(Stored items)
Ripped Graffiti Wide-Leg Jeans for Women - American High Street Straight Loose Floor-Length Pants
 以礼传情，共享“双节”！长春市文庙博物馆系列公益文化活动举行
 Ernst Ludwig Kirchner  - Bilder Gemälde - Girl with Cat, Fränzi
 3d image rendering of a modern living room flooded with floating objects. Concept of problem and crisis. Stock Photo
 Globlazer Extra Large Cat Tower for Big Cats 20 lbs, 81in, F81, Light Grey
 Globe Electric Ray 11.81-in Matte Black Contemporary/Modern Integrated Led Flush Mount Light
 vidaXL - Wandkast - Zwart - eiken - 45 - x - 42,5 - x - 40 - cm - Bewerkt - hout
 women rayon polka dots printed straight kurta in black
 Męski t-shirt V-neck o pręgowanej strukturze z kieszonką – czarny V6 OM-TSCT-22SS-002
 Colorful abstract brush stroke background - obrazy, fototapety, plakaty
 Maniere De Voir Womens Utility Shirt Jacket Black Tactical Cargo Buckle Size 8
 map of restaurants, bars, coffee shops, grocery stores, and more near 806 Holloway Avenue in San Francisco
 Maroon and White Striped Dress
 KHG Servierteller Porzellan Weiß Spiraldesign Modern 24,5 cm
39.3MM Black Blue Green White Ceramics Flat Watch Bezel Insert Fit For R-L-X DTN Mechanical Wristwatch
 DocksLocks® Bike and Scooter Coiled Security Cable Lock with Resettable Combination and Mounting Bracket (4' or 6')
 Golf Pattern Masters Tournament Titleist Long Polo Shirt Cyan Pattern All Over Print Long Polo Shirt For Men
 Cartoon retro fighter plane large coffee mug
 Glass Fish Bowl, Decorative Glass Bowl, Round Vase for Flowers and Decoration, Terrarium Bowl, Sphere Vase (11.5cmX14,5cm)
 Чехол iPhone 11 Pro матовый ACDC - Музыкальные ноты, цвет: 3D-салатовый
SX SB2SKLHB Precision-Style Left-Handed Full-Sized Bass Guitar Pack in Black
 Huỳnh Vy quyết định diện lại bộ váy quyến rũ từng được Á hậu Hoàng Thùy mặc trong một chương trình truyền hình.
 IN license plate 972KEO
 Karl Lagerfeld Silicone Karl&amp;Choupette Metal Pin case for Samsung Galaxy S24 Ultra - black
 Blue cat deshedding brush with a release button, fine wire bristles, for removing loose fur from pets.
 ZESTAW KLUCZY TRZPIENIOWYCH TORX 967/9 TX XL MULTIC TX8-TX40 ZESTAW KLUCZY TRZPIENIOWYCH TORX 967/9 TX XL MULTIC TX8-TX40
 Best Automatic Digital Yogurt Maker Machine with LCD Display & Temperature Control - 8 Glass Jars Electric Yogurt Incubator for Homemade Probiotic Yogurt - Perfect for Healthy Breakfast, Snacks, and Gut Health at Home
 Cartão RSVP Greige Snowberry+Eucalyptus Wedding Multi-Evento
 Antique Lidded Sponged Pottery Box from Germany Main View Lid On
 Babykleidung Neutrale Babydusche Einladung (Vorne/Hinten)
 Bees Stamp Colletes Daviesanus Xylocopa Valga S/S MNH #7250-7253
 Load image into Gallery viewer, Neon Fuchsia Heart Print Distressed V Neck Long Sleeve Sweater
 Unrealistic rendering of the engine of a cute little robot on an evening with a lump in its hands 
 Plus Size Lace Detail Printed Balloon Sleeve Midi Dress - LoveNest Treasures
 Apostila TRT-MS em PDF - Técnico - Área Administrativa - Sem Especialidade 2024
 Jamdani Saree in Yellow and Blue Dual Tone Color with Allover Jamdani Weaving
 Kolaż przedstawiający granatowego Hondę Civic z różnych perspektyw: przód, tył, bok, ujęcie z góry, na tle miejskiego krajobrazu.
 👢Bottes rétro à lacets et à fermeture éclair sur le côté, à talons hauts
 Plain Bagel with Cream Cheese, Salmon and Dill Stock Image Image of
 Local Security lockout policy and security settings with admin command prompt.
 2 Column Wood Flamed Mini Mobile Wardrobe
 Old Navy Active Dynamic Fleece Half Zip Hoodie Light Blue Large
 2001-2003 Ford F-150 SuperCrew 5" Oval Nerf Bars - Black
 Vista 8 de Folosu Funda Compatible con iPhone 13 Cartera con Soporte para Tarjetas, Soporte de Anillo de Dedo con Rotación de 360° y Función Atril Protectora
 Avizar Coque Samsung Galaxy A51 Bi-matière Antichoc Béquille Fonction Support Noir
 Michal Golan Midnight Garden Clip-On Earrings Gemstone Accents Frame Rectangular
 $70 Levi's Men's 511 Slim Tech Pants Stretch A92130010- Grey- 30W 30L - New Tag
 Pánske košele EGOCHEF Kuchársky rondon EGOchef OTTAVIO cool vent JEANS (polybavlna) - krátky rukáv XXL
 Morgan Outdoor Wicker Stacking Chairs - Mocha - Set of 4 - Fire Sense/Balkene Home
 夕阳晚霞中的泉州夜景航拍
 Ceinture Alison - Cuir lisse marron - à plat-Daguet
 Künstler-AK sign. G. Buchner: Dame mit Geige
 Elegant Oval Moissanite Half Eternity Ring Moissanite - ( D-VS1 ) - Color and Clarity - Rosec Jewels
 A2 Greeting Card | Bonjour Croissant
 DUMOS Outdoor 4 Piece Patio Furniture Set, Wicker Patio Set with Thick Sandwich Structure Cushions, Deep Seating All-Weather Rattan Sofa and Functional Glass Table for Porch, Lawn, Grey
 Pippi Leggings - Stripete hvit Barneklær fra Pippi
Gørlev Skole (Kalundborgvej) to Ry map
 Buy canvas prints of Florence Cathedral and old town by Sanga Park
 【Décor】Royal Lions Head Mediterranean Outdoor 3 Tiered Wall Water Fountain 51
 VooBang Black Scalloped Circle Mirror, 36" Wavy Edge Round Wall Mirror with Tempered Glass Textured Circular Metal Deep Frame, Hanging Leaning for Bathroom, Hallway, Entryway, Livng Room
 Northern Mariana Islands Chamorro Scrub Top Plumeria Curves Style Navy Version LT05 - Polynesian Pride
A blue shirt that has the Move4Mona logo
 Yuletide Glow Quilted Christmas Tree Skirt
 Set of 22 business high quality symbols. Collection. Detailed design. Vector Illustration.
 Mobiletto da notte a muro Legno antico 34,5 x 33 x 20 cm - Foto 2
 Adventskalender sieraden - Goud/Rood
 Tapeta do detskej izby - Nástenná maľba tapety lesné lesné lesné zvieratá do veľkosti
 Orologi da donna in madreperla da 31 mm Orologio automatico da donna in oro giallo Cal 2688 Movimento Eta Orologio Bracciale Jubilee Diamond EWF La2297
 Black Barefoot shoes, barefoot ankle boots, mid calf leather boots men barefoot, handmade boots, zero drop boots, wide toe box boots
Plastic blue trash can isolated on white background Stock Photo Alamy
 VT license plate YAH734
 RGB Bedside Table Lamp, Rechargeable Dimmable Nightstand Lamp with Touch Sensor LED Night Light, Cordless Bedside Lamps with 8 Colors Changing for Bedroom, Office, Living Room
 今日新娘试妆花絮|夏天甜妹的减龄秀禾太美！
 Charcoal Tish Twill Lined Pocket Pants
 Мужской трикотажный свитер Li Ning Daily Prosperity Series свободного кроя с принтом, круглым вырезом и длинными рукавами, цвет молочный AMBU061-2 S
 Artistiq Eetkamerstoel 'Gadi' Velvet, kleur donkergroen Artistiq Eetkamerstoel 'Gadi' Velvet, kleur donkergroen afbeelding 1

• Exercise prompt: From the opening line of the data above through the line holding "Karl Lagerfeld Silicone", give every line again exactly as it stands.

• Answer to this task:
Ripped Graffiti Wide-Leg Jeans for Women - American High Street Straight Loose Floor-Length Pants
 以礼传情，共享“双节”！长春市文庙博物馆系列公益文化活动举行
 Ernst Ludwig Kirchner  - Bilder Gemälde - Girl with Cat, Fränzi
 3d image rendering of a modern living room flooded with floating objects. Concept of problem and crisis. Stock Photo
 Globlazer Extra Large Cat Tower for Big Cats 20 lbs, 81in, F81, Light Grey
 Globe Electric Ray 11.81-in Matte Black Contemporary/Modern Integrated Led Flush Mount Light
 vidaXL - Wandkast - Zwart - eiken - 45 - x - 42,5 - x - 40 - cm - Bewerkt - hout
 women rayon polka dots printed straight kurta in black
 Męski t-shirt V-neck o pręgowanej strukturze z kieszonką – czarny V6 OM-TSCT-22SS-002
 Colorful abstract brush stroke background - obrazy, fototapety, plakaty
 Maniere De Voir Womens Utility Shirt Jacket Black Tactical Cargo Buckle Size 8
 map of restaurants, bars, coffee shops, grocery stores, and more near 806 Holloway Avenue in San Francisco
 Maroon and White Striped Dress
 KHG Servierteller Porzellan Weiß Spiraldesign Modern 24,5 cm
39.3MM Black Blue Green White Ceramics Flat Watch Bezel Insert Fit For R-L-X DTN Mechanical Wristwatch
 DocksLocks® Bike and Scooter Coiled Security Cable Lock with Resettable Combination and Mounting Bracket (4' or 6')
 Golf Pattern Masters Tournament Titleist Long Polo Shirt Cyan Pattern All Over Print Long Polo Shirt For Men
 Cartoon retro fighter plane large coffee mug
 Glass Fish Bowl, Decorative Glass Bowl, Round Vase for Flowers and Decoration, Terrarium Bowl, Sphere Vase (11.5cmX14,5cm)
 Чехол iPhone 11 Pro матовый ACDC - Музыкальные ноты, цвет: 3D-салатовый
SX SB2SKLHB Precision-Style Left-Handed Full-Sized Bass Guitar Pack in Black
 Huỳnh Vy quyết định diện lại bộ váy quyến rũ từng được Á hậu Hoàng Thùy mặc trong một chương trình truyền hình.
 IN license plate 972KEO
 Karl Lagerfeld Silicone Karl&amp;Choupette Metal Pin case for Samsung Galaxy S24 Ultra - black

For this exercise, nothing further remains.